### INPUT DATA ###

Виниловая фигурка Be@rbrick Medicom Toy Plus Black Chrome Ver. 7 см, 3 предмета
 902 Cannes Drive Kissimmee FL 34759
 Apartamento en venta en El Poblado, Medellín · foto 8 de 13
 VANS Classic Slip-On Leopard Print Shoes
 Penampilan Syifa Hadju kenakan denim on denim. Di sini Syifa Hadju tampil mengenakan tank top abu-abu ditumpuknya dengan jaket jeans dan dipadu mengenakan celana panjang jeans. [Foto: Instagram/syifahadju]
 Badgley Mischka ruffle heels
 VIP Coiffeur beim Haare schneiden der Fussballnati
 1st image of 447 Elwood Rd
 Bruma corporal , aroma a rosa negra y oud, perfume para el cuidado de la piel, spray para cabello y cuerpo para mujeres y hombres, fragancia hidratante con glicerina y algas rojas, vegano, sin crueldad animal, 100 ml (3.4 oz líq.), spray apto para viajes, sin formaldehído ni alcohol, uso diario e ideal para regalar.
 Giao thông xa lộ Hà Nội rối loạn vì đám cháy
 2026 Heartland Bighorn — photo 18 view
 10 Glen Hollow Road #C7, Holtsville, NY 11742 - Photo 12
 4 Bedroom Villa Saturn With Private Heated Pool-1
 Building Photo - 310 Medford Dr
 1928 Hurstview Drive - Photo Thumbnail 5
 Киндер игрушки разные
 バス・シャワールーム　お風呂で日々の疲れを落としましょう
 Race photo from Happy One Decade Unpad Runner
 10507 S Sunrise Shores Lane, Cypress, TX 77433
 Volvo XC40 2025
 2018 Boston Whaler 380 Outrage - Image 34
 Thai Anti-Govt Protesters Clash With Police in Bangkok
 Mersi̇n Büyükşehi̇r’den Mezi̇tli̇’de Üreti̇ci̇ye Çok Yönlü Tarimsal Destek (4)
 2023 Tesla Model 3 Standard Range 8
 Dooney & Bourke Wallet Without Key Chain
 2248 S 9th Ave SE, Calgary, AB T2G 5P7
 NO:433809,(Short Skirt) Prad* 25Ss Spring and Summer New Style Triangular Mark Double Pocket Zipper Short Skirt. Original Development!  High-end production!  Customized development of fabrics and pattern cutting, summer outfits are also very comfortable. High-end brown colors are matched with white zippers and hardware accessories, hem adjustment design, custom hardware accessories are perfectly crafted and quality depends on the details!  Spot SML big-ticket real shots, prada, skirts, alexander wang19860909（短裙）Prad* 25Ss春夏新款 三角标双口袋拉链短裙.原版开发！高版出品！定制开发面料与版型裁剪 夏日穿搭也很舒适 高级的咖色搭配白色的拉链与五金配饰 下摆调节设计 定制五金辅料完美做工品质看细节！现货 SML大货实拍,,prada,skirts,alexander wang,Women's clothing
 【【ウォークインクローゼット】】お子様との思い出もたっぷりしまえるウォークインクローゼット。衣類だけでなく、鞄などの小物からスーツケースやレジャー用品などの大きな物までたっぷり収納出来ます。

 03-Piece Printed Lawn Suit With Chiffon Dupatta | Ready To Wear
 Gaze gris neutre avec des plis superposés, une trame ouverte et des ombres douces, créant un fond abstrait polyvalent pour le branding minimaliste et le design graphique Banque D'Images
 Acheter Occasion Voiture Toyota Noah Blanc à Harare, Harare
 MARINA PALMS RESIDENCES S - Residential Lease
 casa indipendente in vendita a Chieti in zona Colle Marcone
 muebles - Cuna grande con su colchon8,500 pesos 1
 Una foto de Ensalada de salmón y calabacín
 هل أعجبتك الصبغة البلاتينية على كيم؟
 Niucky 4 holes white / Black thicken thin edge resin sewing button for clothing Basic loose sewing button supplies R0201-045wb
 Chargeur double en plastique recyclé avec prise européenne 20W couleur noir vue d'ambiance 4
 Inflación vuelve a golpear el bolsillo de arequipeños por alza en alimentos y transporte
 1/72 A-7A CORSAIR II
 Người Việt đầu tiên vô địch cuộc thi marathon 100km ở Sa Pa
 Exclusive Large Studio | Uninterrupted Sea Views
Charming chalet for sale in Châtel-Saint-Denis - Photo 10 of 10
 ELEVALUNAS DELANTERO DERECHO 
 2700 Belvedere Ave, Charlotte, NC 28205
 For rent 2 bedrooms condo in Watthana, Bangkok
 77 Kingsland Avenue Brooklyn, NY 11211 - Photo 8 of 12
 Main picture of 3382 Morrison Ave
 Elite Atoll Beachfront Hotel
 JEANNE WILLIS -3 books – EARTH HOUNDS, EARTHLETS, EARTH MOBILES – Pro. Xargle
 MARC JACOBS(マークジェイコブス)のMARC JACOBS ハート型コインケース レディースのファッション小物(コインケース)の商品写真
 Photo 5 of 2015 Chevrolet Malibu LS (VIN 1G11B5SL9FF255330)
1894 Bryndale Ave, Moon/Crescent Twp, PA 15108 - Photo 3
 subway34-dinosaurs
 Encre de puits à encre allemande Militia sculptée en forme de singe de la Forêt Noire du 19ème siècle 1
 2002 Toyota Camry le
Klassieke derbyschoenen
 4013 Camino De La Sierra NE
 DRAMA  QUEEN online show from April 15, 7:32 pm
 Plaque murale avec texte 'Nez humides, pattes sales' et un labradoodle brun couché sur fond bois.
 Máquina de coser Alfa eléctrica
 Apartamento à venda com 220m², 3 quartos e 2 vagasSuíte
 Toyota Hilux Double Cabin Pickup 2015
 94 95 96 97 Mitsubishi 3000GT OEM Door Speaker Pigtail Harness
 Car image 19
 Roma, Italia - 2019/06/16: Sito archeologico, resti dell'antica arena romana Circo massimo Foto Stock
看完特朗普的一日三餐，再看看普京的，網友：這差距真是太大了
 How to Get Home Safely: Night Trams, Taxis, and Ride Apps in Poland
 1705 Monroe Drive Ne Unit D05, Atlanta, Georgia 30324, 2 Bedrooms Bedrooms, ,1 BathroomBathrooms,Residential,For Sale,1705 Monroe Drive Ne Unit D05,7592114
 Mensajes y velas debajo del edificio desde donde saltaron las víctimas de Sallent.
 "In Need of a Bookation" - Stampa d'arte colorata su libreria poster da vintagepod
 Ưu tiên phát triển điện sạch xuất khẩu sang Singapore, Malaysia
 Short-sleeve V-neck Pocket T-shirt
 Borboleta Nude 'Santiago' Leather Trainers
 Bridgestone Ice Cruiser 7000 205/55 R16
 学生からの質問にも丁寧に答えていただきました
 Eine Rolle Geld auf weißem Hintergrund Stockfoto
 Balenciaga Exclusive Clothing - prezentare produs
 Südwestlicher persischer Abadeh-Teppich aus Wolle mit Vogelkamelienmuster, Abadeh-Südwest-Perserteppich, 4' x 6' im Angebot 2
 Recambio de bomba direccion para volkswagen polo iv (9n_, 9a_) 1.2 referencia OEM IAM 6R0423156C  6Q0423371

###

## WHAT YOU NEED TO DO
Each entry must be reproduced exactly, with nothing added or dropped.

## RESULT
Виниловая фигурка Be@rbrick Medicom Toy Plus Black Chrome Ver. 7 см, 3 предмета
 902 Cannes Drive Kissimmee FL 34759
 Apartamento en venta en El Poblado, Medellín · foto 8 de 13
 VANS Classic Slip-On Leopard Print Shoes
 Penampilan Syifa Hadju kenakan denim on denim. Di sini Syifa Hadju tampil mengenakan tank top abu-abu ditumpuknya dengan jaket jeans dan dipadu mengenakan celana panjang jeans. [Foto: Instagram/syifahadju]
 Badgley Mischka ruffle heels
 VIP Coiffeur beim Haare schneiden der Fussballnati
 1st image of 447 Elwood Rd
 Bruma corporal , aroma a rosa negra y oud, perfume para el cuidado de la piel, spray para cabello y cuerpo para mujeres y hombres, fragancia hidratante con glicerina y algas rojas, vegano, sin crueldad animal, 100 ml (3.4 oz líq.), spray apto para viajes, sin formaldehído ni alcohol, uso diario e ideal para regalar.
 Giao thông xa lộ Hà Nội rối loạn vì đám cháy
 2026 Heartland Bighorn — photo 18 view
 10 Glen Hollow Road #C7, Holtsville, NY 11742 - Photo 12
 4 Bedroom Villa Saturn With Private Heated Pool-1
 Building Photo - 310 Medford Dr
 1928 Hurstview Drive - Photo Thumbnail 5
 Киндер игрушки разные
 バス・シャワールーム　お風呂で日々の疲れを落としましょう
 Race photo from Happy One Decade Unpad Runner
 10507 S Sunrise Shores Lane, Cypress, TX 77433
 Volvo XC40 2025
 2018 Boston Whaler 380 Outrage - Image 34
 Thai Anti-Govt Protesters Clash With Police in Bangkok
 Mersi̇n Büyükşehi̇r’den Mezi̇tli̇’de Üreti̇ci̇ye Çok Yönlü Tarimsal Destek (4)
 2023 Tesla Model 3 Standard Range 8
 Dooney & Bourke Wallet Without Key Chain
 2248 S 9th Ave SE, Calgary, AB T2G 5P7
 NO:433809,(Short Skirt) Prad* 25Ss Spring and Summer New Style Triangular Mark Double Pocket Zipper Short Skirt. Original Development!  High-end production!  Customized development of fabrics and pattern cutting, summer outfits are also very comfortable. High-end brown colors are matched with white zippers and hardware accessories, hem adjustment design, custom hardware accessories are perfectly crafted and quality depends on the details!  Spot SML big-ticket real shots, prada, skirts, alexander wang19860909（短裙）Prad* 25Ss春夏新款 三角标双口袋拉链短裙.原版开发！高版出品！定制开发面料与版型裁剪 夏日穿搭也很舒适 高级的咖色搭配白色的拉链与五金配饰 下摆调节设计 定制五金辅料完美做工品质看细节！现货 SML大货实拍,,prada,skirts,alexander wang,Women's clothing
 【【ウォークインクローゼット】】お子様との思い出もたっぷりしまえるウォークインクローゼット。衣類だけでなく、鞄などの小物からスーツケースやレジャー用品などの大きな物までたっぷり収納出来ます。

 03-Piece Printed Lawn Suit With Chiffon Dupatta | Ready To Wear
 Gaze gris neutre avec des plis superposés, une trame ouverte et des ombres douces, créant un fond abstrait polyvalent pour le branding minimaliste et le design graphique Banque D'Images
 Acheter Occasion Voiture Toyota Noah Blanc à Harare, Harare
 MARINA PALMS RESIDENCES S - Residential Lease
 casa indipendente in vendita a Chieti in zona Colle Marcone
 muebles - Cuna grande con su colchon8,500 pesos 1
 Una foto de Ensalada de salmón y calabacín
 هل أعجبتك الصبغة البلاتينية على كيم؟
 Niucky 4 holes white / Black thicken thin edge resin sewing button for clothing Basic loose sewing button supplies R0201-045wb
 Chargeur double en plastique recyclé avec prise européenne 20W couleur noir vue d'ambiance 4
 Inflación vuelve a golpear el bolsillo de arequipeños por alza en alimentos y transporte
 1/72 A-7A CORSAIR II
 Người Việt đầu tiên vô địch cuộc thi marathon 100km ở Sa Pa
 Exclusive Large Studio | Uninterrupted Sea Views
Charming chalet for sale in Châtel-Saint-Denis - Photo 10 of 10
 ELEVALUNAS DELANTERO DERECHO 
 2700 Belvedere Ave, Charlotte, NC 28205
 For rent 2 bedrooms condo in Watthana, Bangkok
 77 Kingsland Avenue Brooklyn, NY 11211 - Photo 8 of 12
 Main picture of 3382 Morrison Ave
 Elite Atoll Beachfront Hotel
 JEANNE WILLIS -3 books – EARTH HOUNDS, EARTHLETS, EARTH MOBILES – Pro. Xargle
 MARC JACOBS(マークジェイコブス)のMARC JACOBS ハート型コインケース レディースのファッション小物(コインケース)の商品写真
 Photo 5 of 2015 Chevrolet Malibu LS (VIN 1G11B5SL9FF255330)
1894 Bryndale Ave, Moon/Crescent Twp, PA 15108 - Photo 3
 subway34-dinosaurs
 Encre de puits à encre allemande Militia sculptée en forme de singe de la Forêt Noire du 19ème siècle 1
 2002 Toyota Camry le
Klassieke derbyschoenen
 4013 Camino De La Sierra NE
 DRAMA  QUEEN online show from April 15, 7:32 pm
 Plaque murale avec texte 'Nez humides, pattes sales' et un labradoodle brun couché sur fond bois.
 Máquina de coser Alfa eléctrica
 Apartamento à venda com 220m², 3 quartos e 2 vagasSuíte
 Toyota Hilux Double Cabin Pickup 2015
 94 95 96 97 Mitsubishi 3000GT OEM Door Speaker Pigtail Harness
 Car image 19
 Roma, Italia - 2019/06/16: Sito archeologico, resti dell'antica arena romana Circo massimo Foto Stock
看完特朗普的一日三餐，再看看普京的，網友：這差距真是太大了
 How to Get Home Safely: Night Trams, Taxis, and Ride Apps in Poland
 1705 Monroe Drive Ne Unit D05, Atlanta, Georgia 30324, 2 Bedrooms Bedrooms, ,1 BathroomBathrooms,Residential,For Sale,1705 Monroe Drive Ne Unit D05,7592114
 Mensajes y velas debajo del edificio desde donde saltaron las víctimas de Sallent.
 "In Need of a Bookation" - Stampa d'arte colorata su libreria poster da vintagepod
 Ưu tiên phát triển điện sạch xuất khẩu sang Singapore, Malaysia
 Short-sleeve V-neck Pocket T-shirt
 Borboleta Nude 'Santiago' Leather Trainers
 Bridgestone Ice Cruiser 7000 205/55 R16
 学生からの質問にも丁寧に答えていただきました
 Eine Rolle Geld auf weißem Hintergrund Stockfoto
 Balenciaga Exclusive Clothing - prezentare produs
 Südwestlicher persischer Abadeh-Teppich aus Wolle mit Vogelkamelienmuster, Abadeh-Südwest-Perserteppich, 4' x 6' im Angebot 2
 Recambio de bomba direccion para volkswagen polo iv (9n_, 9a_) 1.2 referencia OEM IAM 6R0423156C  6Q0423371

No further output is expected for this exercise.